Regulatory T cells moderate the strength and duration of the immune response. The researchers have now found a new type of Treg cell that can act specifically against certain B cells rather than the overall immune response. “We were able to show that immunotolerance therapy results in the generation of regulatory T cells that exclusively induce B cells against factor VIII to commit suicide,” says Dr Janine Becker-Gotot of the Institute of Molecular Medicine and Experimental Immunology (IMMEI) at UKB. “These T cells have a sensor that allows them to recognise and attach to the corresponding B cells. In addition, they have the ability to push the self-destruct button on the surface of B cells.”

This button is a molecule called PD-1 which, on activation, leads to apoptosis. Every active B cell has this button. “Our experiments enabled us for the first time to detect regulatory T cells that can activate this self-destruct button only in very specific B cells, in order to specifically prevent unwanted immune responses,” explains IMMEI Director Prof Dr Christian Kurts.

The more PD-1 buttons the B cells against factor VIII carry on their surface, the easier it is for them to be driven to suicide by immune tolerance therapy. “The amount of PD-1 varies from person to person,” Becker-Gotot explains. “If it’s very low to begin with, there’s a good chance that many inhibitor-producing B cells will survive and continue to neutralise the injected factor VIII.”

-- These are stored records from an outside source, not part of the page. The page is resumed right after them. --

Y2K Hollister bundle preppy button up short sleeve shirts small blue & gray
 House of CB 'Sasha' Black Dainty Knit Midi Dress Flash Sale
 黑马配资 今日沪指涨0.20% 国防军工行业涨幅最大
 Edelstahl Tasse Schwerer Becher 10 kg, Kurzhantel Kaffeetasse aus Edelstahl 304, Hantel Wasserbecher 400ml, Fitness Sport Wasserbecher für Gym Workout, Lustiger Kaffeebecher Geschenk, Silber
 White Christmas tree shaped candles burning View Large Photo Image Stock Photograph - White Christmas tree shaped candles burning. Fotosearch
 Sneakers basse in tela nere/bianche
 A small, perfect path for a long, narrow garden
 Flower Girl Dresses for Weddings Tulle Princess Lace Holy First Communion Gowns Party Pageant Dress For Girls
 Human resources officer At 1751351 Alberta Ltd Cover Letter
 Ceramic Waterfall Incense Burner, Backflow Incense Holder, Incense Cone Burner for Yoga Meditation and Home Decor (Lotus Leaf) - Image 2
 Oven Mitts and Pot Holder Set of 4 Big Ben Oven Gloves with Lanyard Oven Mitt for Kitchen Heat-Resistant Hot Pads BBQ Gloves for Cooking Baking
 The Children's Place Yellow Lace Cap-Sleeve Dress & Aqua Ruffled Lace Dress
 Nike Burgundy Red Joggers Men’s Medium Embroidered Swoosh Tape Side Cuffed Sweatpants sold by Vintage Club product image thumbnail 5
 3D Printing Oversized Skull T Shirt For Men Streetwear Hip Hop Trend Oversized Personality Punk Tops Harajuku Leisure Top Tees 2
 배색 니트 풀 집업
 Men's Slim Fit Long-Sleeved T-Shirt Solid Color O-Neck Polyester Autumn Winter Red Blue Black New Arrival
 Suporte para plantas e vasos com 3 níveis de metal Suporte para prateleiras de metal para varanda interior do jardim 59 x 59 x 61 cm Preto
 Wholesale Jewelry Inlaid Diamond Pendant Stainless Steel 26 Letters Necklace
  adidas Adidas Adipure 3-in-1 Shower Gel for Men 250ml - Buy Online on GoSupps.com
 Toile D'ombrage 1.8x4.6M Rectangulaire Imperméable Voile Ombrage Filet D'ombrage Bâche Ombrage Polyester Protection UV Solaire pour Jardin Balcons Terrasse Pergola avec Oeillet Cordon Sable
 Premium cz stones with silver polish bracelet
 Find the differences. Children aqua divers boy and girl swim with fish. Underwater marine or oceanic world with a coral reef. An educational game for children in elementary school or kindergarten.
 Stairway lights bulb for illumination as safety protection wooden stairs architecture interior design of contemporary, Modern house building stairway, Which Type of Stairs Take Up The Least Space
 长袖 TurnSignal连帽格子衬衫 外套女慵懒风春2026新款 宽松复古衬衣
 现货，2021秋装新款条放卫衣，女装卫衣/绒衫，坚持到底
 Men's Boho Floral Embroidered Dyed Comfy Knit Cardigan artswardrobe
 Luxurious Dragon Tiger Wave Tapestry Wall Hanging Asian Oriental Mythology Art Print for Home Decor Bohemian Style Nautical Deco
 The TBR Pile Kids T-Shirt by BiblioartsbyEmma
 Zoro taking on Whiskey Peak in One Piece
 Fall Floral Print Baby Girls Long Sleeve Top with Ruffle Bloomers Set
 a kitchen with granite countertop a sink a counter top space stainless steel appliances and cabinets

Test to show in whom immunotolerance therapy is useful

Interestingly, B cells also produce more PD-1 once they come into contact with regulatory T cells. “We can now test how strong this reaction is,” the researcher says. “If PD-1 levels go up shortly after starting immune tolerance therapy and then stay up, that’s a clear sign that the treatment is going to be successful.” The team is currently developing a blood test that can be used to detect whether or not immune tolerance therapy is working in patients during the prolonged treatment.

“Our findings have great basic scientific value,” explains Prof Kurts. “And not just for haemophilia, but also for other congenital disorders where missing proteins are replaced therapeutically. In the long term, they could also be used to develop new treatments.”